Puis les vagues sont devenues plus fortes et le canot a chaviré. 

La plupart ne savait pas nager. Le canot était poussé par le vent. Les gens s’accrochaient les uns aux autres. Tout le monde criait. Le canot était de plus en plus loin. Je ne sais pas comment j’ai réussi à rattraper le bateau. Je ne sais pas nager. Des hommes l’ont retourné et sont remontés dedans mais ils empêchaient les autres de monter. Les deux femmes que tu m’as montrées sur les photos tout à l’heure, elles avaient réussi à remonter dedans, mais les hommes les ont repoussées dans l’eau. C’est pour ça qu’elles se sont noyées. Et quand j’ai réussi à m’accrocher aux cordes, ils me repoussaient aussi.

Alors le bateau de sauvetage est arrivé et ils ont lancé des gilets de sauvetage. Là aussi, les hommes ne voulaient pas qu’on les attrape.

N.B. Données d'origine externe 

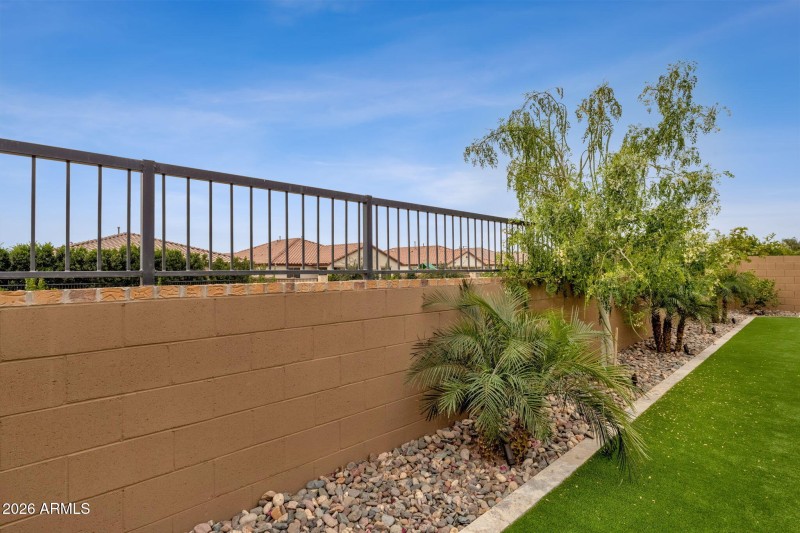 46-web-or-mls-15713-w-washington-st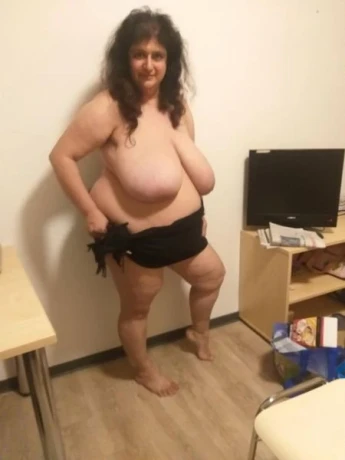 Molly Mendy — 1 / 3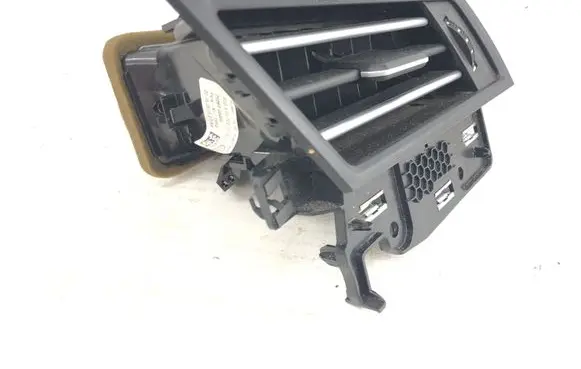 Volkswagen PASSAT B8 Dashboard side air vent grill/cover trim 3G2819702D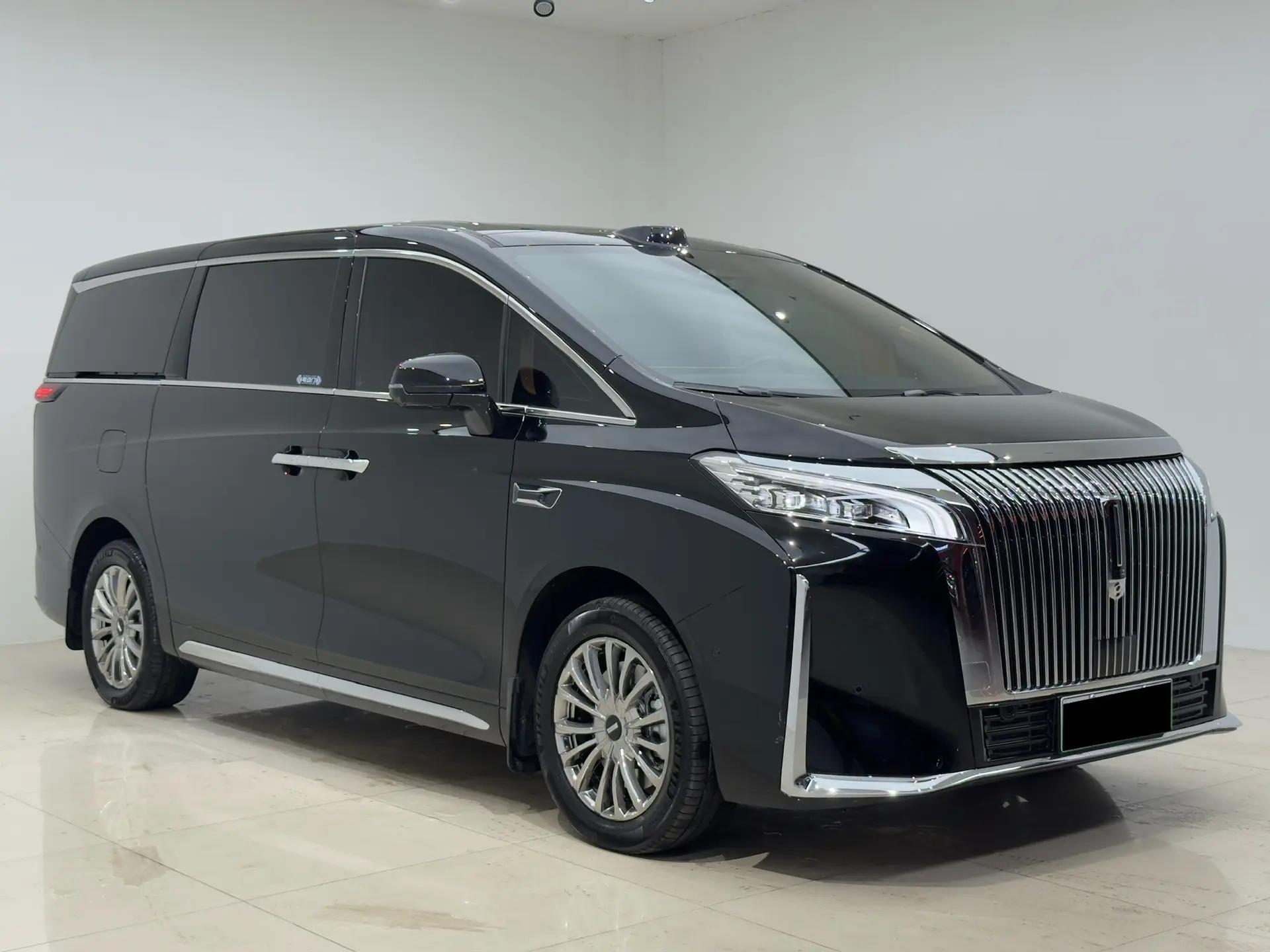 WEY 2025 high mountain 8 Hi4 1.5T four-wheel drive version automatic gear 3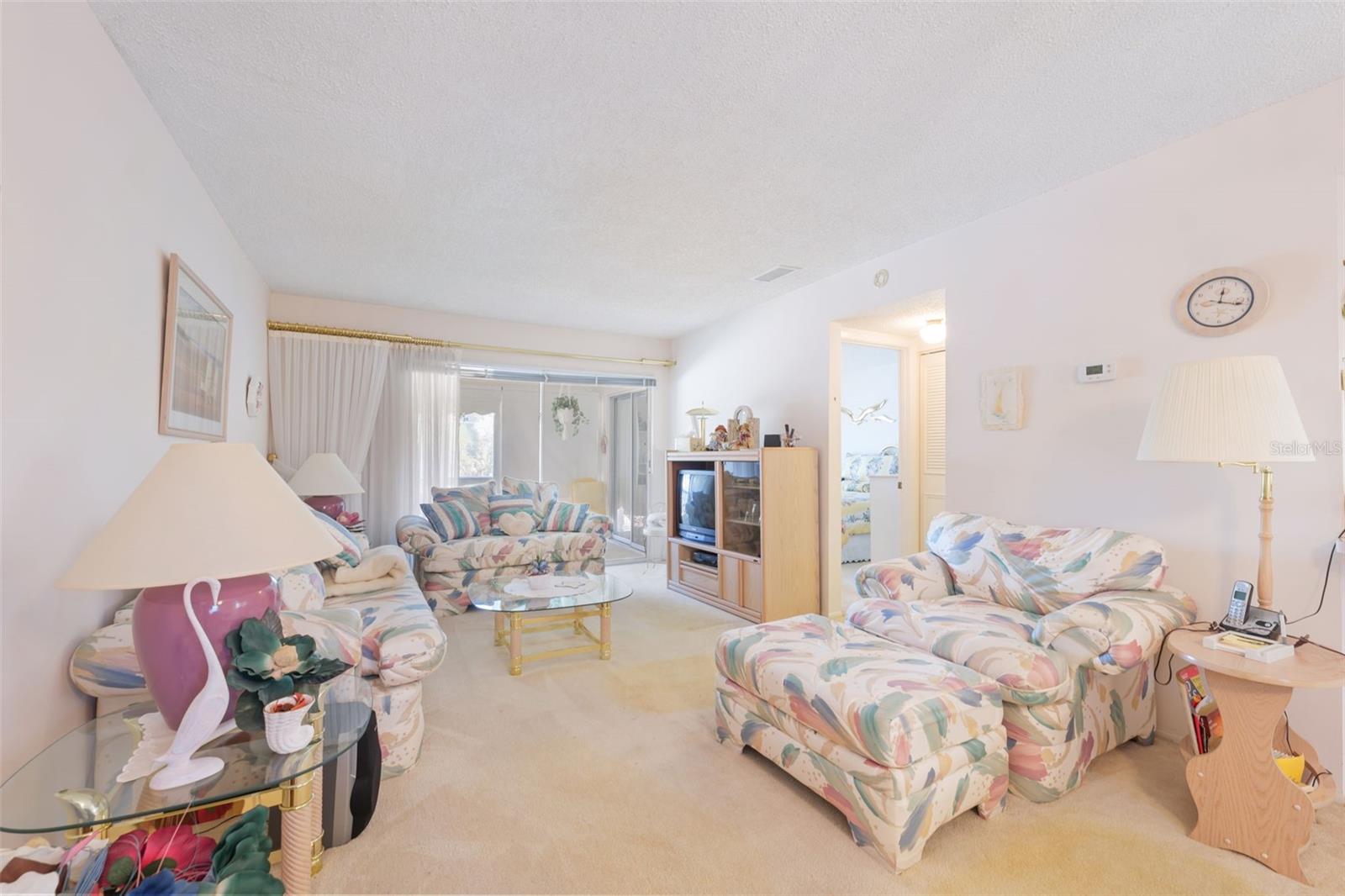 Image 13 of 38 For 1250 S Pinellas Ave  910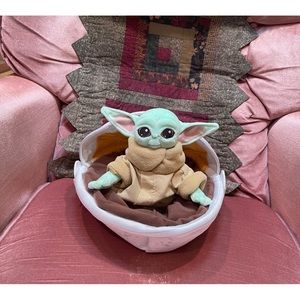 Baby Yoda in Pod.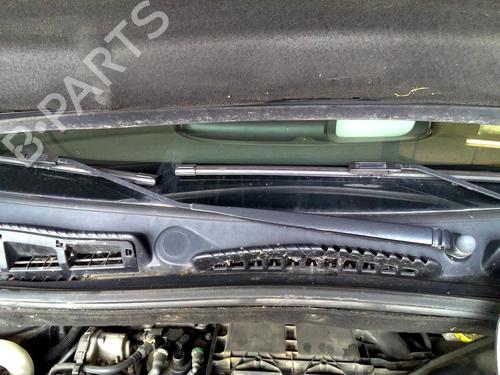 Used Front windshield wiper arm CITROËN C3 II (SC_) 1.6 HDi (92 hp) 19888999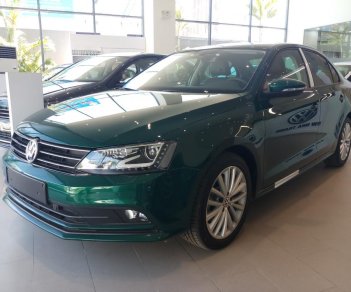 Volkswagen Jetta 2017 - Bán Volkswagen Jetta, màu xanh lục, xe nhập khẩu, khuyến mãi khủng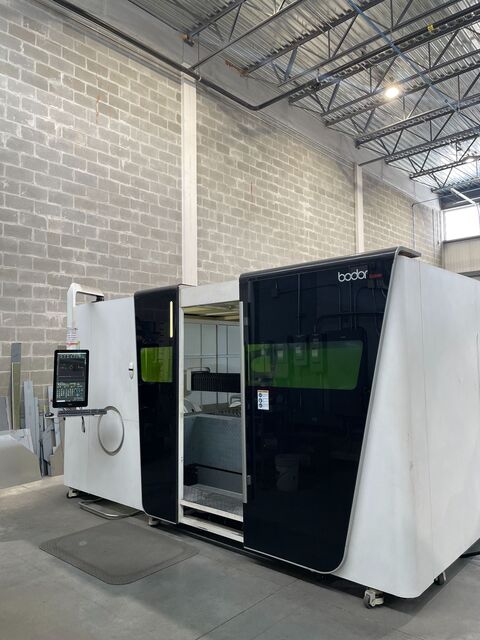 Bodor #P3015T6, fiber laser, 3000 watt, 5' x 10' dual shuttle tables, tube cutting to 7-7/8" diameter x 20'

Alors je me suis accrochée au dos d’un garçon dans l’eau parce-que lui, il avait un gilet et on est venu me chercher ».

Zeineb m’a raconté son combat d’une traite, sur un ton monocorde. Elle n’a pas eu peur parce que pour survivre, il faut barrer le chemin aux émotions :

« Si t’as peur, tu meurs » ajoute-t-elle.

Son visage est fermé. Son corps dur comme du roc. Je ne sais pas comment elle a trouvé la force de me raconter tout cela. Comme tous ceux dont le voyage a été meurtrier, elle voit les visages des gens qui se noient autour d’elle, qu’elle ferme les yeux ou pas, elle les entend crier leurs dernières paroles…

« Maintenant, je ne peux plus voir la mer ».

Et effectivement, elle n’est pas sortie une seule fois du shelter [abri réservé aux femmes et aux enfants sur le navire], elle est restée recroquevillée sur elle-même tout le temps du voyage. Mais au-delà de la mer, si elle était sortie sur le pont, elle aurait pu croiser certains des hommes qui ont tenté de la noyer et en ont noyé d’autres…

* Le prénom et la photo ne correspondent pas à la personne qui témoigne afin de préserver son anonymat.